Drug discovery: Today’s drug discovery process is lengthy, averaging 12 years to market (California Biomedical Research Association). Expense and uncertainty are also prohibitive; drug development costs an average of $359m and just 2% of US preclinical drugs are approved for human use (California Biomedical Research Association). AI is being applied to multiple stages of the drug development process to accelerate time to market and reduce uncertainty. AI is being applied to synthesise information and offer hypotheses from the 10,000 research papers published daily, predict how compounds will behave from an earlier stage of the testing process, and identify patients for clinical trials.
The average cost of drug development: $359m. Just 2% of US pre-clinical drugs are approved for human use.

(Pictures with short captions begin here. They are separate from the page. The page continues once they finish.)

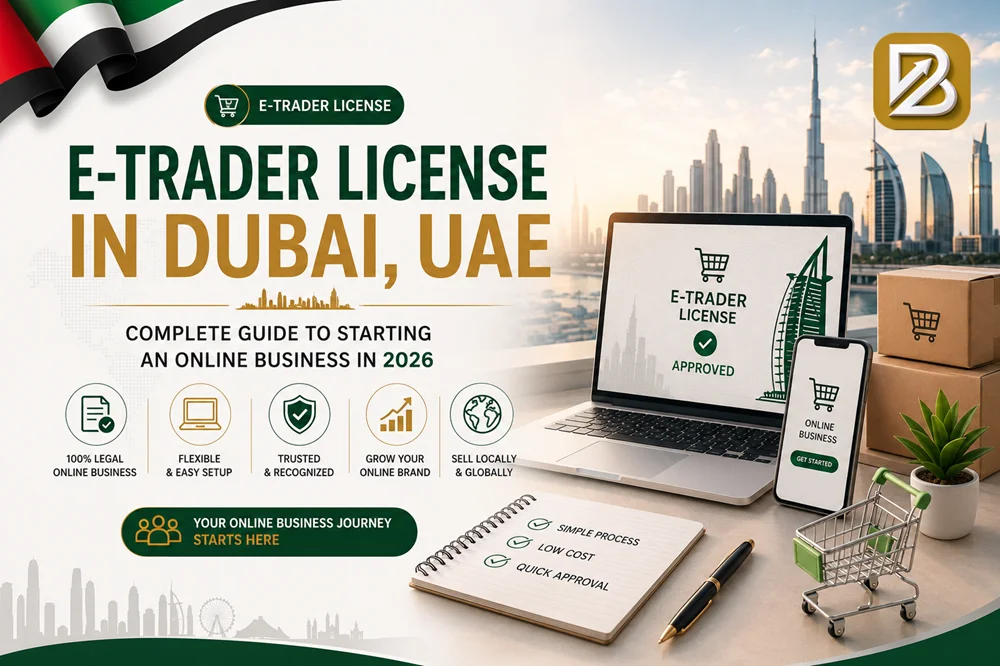 E-Trader License in Dubai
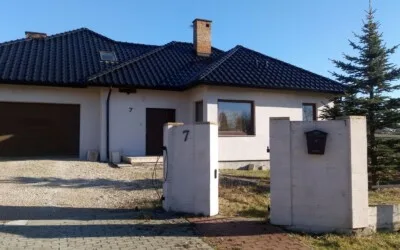 Sprzedam dom jednorodzinny - Nieruchomości ogłoszenia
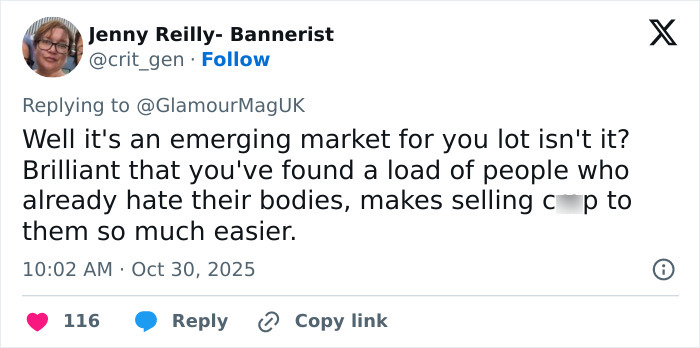 “Embarrasing”: People React To J.K. Rowling’s Comments On Glamour UK’s ‘Women Of The Year’ Cover “Embarrasing”: People React To J.K. Rowling’s Comments On Glamour UK’s ‘Women Of The Year’ Cover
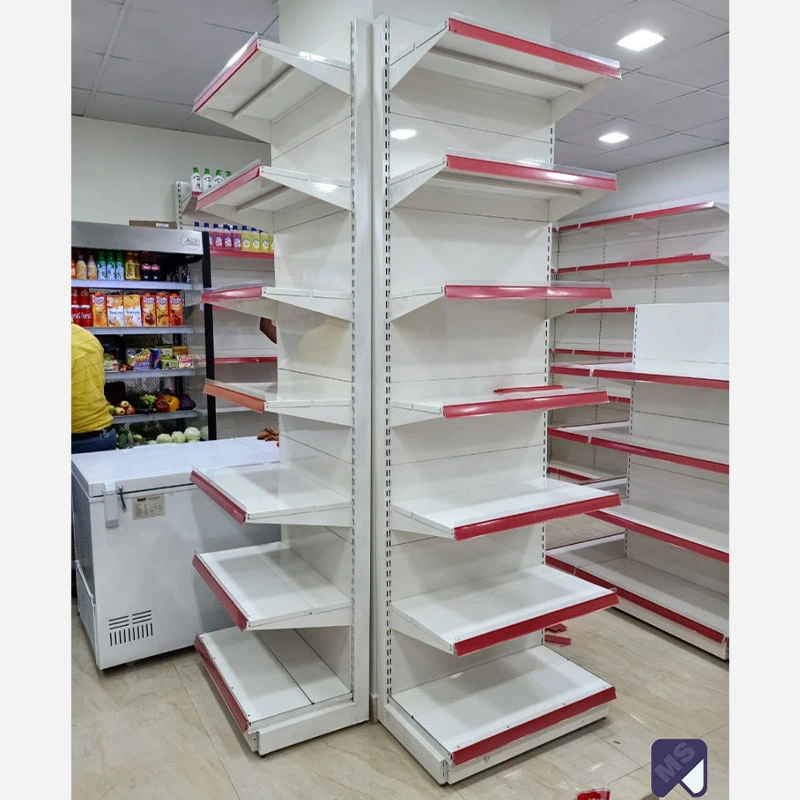 Supermarket Rack In Gujarat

Source: California Biomedical Research Association
While the fundamentals of insurance – customer prospecting, risk assessment, claims processing and fraud detection – have remained unchanged, modern AI can improve every stage in the insurance process to deliver efficiency savings and improved customer experience. By identifying patterns in data better than rules-based systems, AI can improve and accelerate decision-making and claims processing, reduce fraud and automate a large proportion of customer service enquiries.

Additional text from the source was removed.